最后，我们可以初始化 JSON loader 来解析 JSON 记录。为了简化起见，我们还移除了空记录。

In [17]:
# Define path to the JSON file relative to this notebook
# Change this to the path to your JSON file
FILE_PATH = "../../../../../ts_git_log.json"

# Load data from JSON file and extract metadata
loader = JSONLoader(
    file_path=FILE_PATH,
    jq_schema=".commit_history[]",
    text_content=False,
    metadata_func=extract_metadata,
)
documents = loader.load()

# Remove documents with None dates
documents = [doc for doc in documents if doc.metadata["date"] is not None]

In [18]:
print(documents[0])

page_content='{"commit": "44e41c12ab25e36c202f58e068ced262eadc8d16", "author": "Lakshmi Narayanan Sreethar<lakshmi@timescale.com>", "date": "Tue Sep 5 21:03:21 2023 +0530", "change summary": "Fix segfault in set_integer_now_func", "change details": "When an invalid function oid is passed to set_integer_now_func, it finds out that the function oid is invalid but before throwing the error, it calls ReleaseSysCache on an invalid tuple causing a segfault. Fixed that by removing the invalid call to ReleaseSysCache.  Fixes #6037 "}' metadata={'source': '/Users/avtharsewrathan/sideprojects2023/timescaleai/tsv-langchain/ts_git_log.json', 'seq_num': 1, 'id': '8b407680-4c01-11ee-96a6-b82284ddccc6', 'date': '2023-09-5 21:03:21+0850', 'author_name': 'Lakshmi Narayanan Sreethar', 'author_email': 'lakshmi@timescale.com', 'commit_hash': '44e41c12ab25e36c202f58e068ced262eadc8d16'}


### 将文档和元数据加载到 TimescaleVector 向量数据库

既然我们已经准备好了文档，现在就将它们与向量嵌入表示一起处理并加载到我们的 TimescaleVector 向量数据库中。

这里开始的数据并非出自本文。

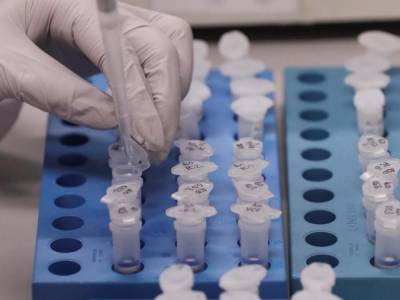 За минувшие сутки на Закарпатье выявлено 85 случаев коронавируса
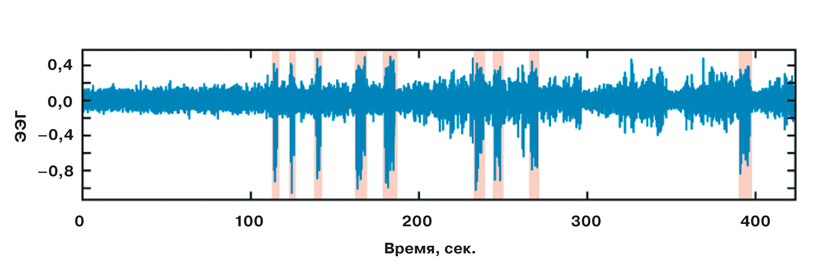 Эпилепсию диагностирует искусственный интеллект 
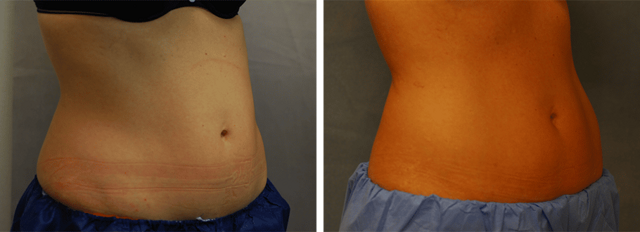 CoolSculpting result at ARTIS Institute - Dr. Sarraga in Aventura, FL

由于这是一个演示，我们只加载前 500 条记录。在实际应用中，您可以加载任意数量的记录。

In [19]:
NUM_RECORDS = 500
documents = documents[:NUM_RECORDS]

然后我们使用 `CharacterTextSplitter` 将文档分割成更小的块（如果需要），以便于嵌入。请注意，此分割过程会保留每个文档的元数据。

In [20]:
# Split the documents into chunks for embedding
text_splitter = CharacterTextSplitter(
    chunk_size=1000,
    chunk_overlap=200,
)
docs = text_splitter.split_documents(documents)

接下来，我们将从先前完成预处理的文档集合中创建一个 Timescale Vector 实例。

首先，我们将定义一个集合名称，它将是我们 PostgreSQL 数据库中的表名。

我们还将定义一个时间间隔（time delta），并将其传递给 `time_partition_interval` 参数，该参数将用于按时间对数据进行分区。每个分区将包含指定时长的时段数据。为简单起见，我们将使用 7 天，但您可以根据您的用例选择任何有意义的值——例如，如果您频繁查询近期向量，您可能希望使用更小的时间间隔，如 1 天；如果您查询跨度长达十年的向量，您可能希望使用更大的时间间隔，如 6 个月或 1 年。

最后，我们将创建 TimescaleVector 实例。我们将 `ids` 参数指定为我们在上述预处理步骤中创建的元数据中的 `uuid` 字段。我们这样做是因为我们希望我们的 UUID 的时间部分反映过去（即提交发生的时间）。但是，如果我们希望当前日期和时间与我们的文档相关联，我们可以删除 `id` 参数，UUID 将自动创建为当前日期和时间。

In [21]:
# Define collection name
COLLECTION_NAME = "timescale_commits"
embeddings = OpenAIEmbeddings()

# Create a Timescale Vector instance from the collection of documents
db = TimescaleVector.from_documents(
    embedding=embeddings,
    ids=[doc.metadata["id"] for doc in docs],
    documents=docs,
    collection_name=COLLECTION_NAME,
    service_url=SERVICE_URL,
    time_partition_interval=timedelta(days=7),
)

### 按时间和相似度查询向量

现在我们已将文档加载到 TimescaleVector 中，可以按时间和相似度进行查询。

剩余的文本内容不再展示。